Attention cela dit, que les puristes se rassurent, l’ancien Orelsan qu’on aimait tant est toujours là quelque part et il nous le fait savoir à travers plusieurs titres. On peut notamment citer le lead single, Basique, où le rappeur enchaîne les remarques cinglantes pour évoquer des thèmes de société sur fond d’un beat terriblement puissant ou encore le savoureux Défaite de famille, digne descendant de Jimmy Punchline où il affirme qu’il « déteste les fêtes de famille » avant d’en mettre littéralement plein la gueule à chaque personne qu’il évoque dans une présentation pleine de rancœur des membres (fictifs –ou faussement fictifs ?–) qui composent sa famille. Il montre également qu’il est toujours capable de s’amuser avec Christophe, en featuring avec Maître Gims, un morceau fun et frais teinté d’autodérision dans lequel il rigole sans conteste du fait qu’il fait de « la musique de noir », à savoir du rap, face à un Maître Gims qui ne « comprend toujours pas pourquoi autant d’blancs [l]e kiffent ». Restent alors deux morceaux et non des moindres : l’envoûtant Tout va bien, qui fait office de deuxième single, dont la production aux sonorités orientales signée Stromae sert de vecteur à un texte engagé où Orelsan dénonce implicitement le fait que le monde trouve toujours des excuses pour fermer les yeux sur les problèmes de notre société ou encore le diablement efficace Zone, featuring tant attendu avec Nekfeu où on regrette néanmoins la présence de Dizzee Rascal qui tend à casser l’excellent rythme de cette chanson sombre mais assez festive.

 

Six ans après son deuxième album solo, Orelsan fait donc un retour fracassant avec cet album terriblement attendu. Dans l’ensemble moins agressif au profit de sonorités plus douces et mélancoliques avec des productions toujours aussi efficaces signées Skread, le rappeur achève au travers de ses quatorze titres son évolution en tant que personne. Plus discret, plus sincère mais toujours accompagné d’un certain désabusement à coups de punchlines bien placées, il nous offre un album profond et criant de vérité grâce à un ensemble de textes toujours aussi bien écrits. Après avoir mis « la moitié d’[s]a vie pour savoir c’qu’[il voulait] », être devenu un véritable « san » (« ‘san’ ça veut dire ‘monsieur’ ») et nous avoir offert « le dernier volet d’la saga », on attend avec impatience de voir ce qu’il va bien pouvoir nous offrir d’autre !

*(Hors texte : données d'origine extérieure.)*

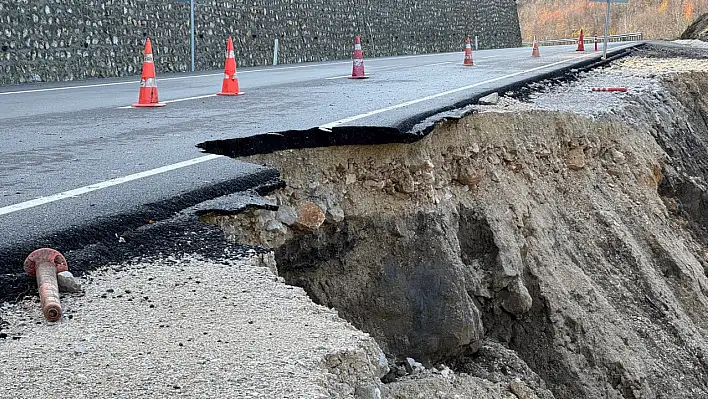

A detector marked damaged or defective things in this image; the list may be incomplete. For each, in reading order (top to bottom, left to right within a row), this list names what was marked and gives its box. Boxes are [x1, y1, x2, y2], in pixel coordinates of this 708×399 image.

4 commentaires sur « La fête est finie d’Orelsan : l’album de la maturité ? »

  1. Bien vu et belle écriture, j’aime terriblement cet album. Je dirai comme toi que j’ai commencé à m’y intéresser quand il a sorti son deuxième album et avec « la fête est fini » il entre dans sa « maturité » mais reste tenter par l’adolescence.

    Aimé par 1 personne

    1. Merci à toi ! 😊 Je pense qu’il restera éternellement adolescent d’un côté, même s’il gagne en maturité il reste un homme qui refuse de grandir et c’est ça qui me plaît chez lui parce que quelque part c’est un sentiment qu’on a tous, seulement lui il l’exprime et il ne s’en cache pas.